Convergent genome evolution shaped the emergence of terrestrial animals

Convergent genome evolution shaped the emergence of terrestrial animals

Summary

This Nature study uses a comparative genomics pipeline (InterEvo) on 154 genomes across 21 animal phyla to investigate how independent animal lineages moved from water onto land. The authors reconstruct ancestral homology groups (HGs) and identify patterns of gene gain, expansion, contraction and loss at 11 terrestrialisation nodes (from nematodes and arthropods to tetrapods and gastropods). They find repeated genomic changes — particularly gains in gene families linked to osmoregulation, stress response, immunity, sensory systems and metabolism — alongside notable gene reduction in other families. The study also defines three temporal windows when major terrestrial transitions occurred (Ordovician–Cambrian window, Devonian–Carboniferous, and Cretaceous) and distinguishes different genomic strategies in semi-terrestrial versus fully terrestrial lineages.

Key Points

  1. Large-scale gene turnover (novelty, expansions and losses) accompanies most independent transitions to land, signalling strong genome plasticity during terrestrialisation.
  2. Convergent gene gains repeatedly involve functions for osmoregulation, ionic transport, detoxification (cytochrome P450, flavin monooxygenases), stress resistance and sensory reception.
  3. Gene reductions (losses and contractions) are common and include convergent loss of some signalling domain families (e.g., Dbl‑homology and pleckstrin‑homology domains), suggesting shifts in regeneration/reproductive pathways.
  4. Semi‑terrestrial groups (water‑dependent) show broader, more versatile novel gene toolkits (cuticle remodelling, visual development, stress response), whereas fully terrestrial groups display a more streamlined set focused on neuronal development and membrane ion homeostasis.
  5. Arthropods and tetrapods show lineage‑specific adaptations: arthropods expand exoskeleton and visual genes; tetrapods enrich immune and epidermal defence genes linked to terrestrial skin barriers.
  6. The molecular timescale identifies three main windows of animal terrestrialisation that largely align with major plant and ecosystem changes on land.

Content summary

The authors clustered ~3.9 million protein sequences into 483,458 homology groups and reconstructed ancestral HG content at nodes representing 11 independent terrestrial transitions. They classified HGs as novel, novel core, expanded, contracted or lost and used permutation tests and the CAFE5 birth–death model to assess significance.

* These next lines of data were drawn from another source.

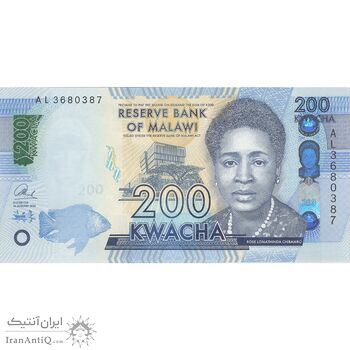 اسکناس 200 کواچا 2016 جمهوری - تک - UNC64 - مالاوی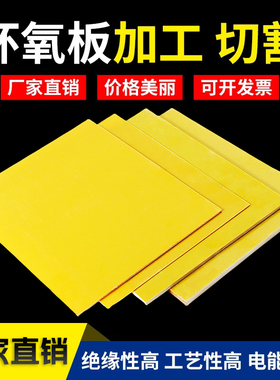 3240环氧板电工绝缘板耐高温玻璃纤维板加工定制树脂板胶木板零切
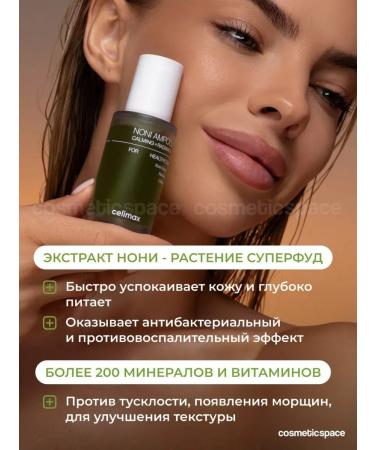 Celimax Moisturizing anti -aging 50 ml of Korea - Buy Online on GoSupps.com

Most terrestrial events show elevated rates of novel gene emergence per million years compared with aquatic nodes (permutation test P = 0.0015). Functional annotation (GO and Pfam) of novel genes across events highlights shared functions: membrane ion transport, neurotransmitter/neuronal functions, lipid metabolism, detoxification and responses to stimuli.

Convergent expansions were detected in gene families for detoxification, oxidative stress and sensory reception (eg. cytochrome P450s, glutathione S‑transferases, GPCRs). Notable convergent losses include families involved in RhoGEF signalling domains. Semi‑terrestrial versus fully terrestrial comparisons reveal different enrichment patterns: the former retain diverse adaptive innovations to cope with intermittent moisture, the latter show narrower convergence likely reflecting more specialised, permanent terrestrial life.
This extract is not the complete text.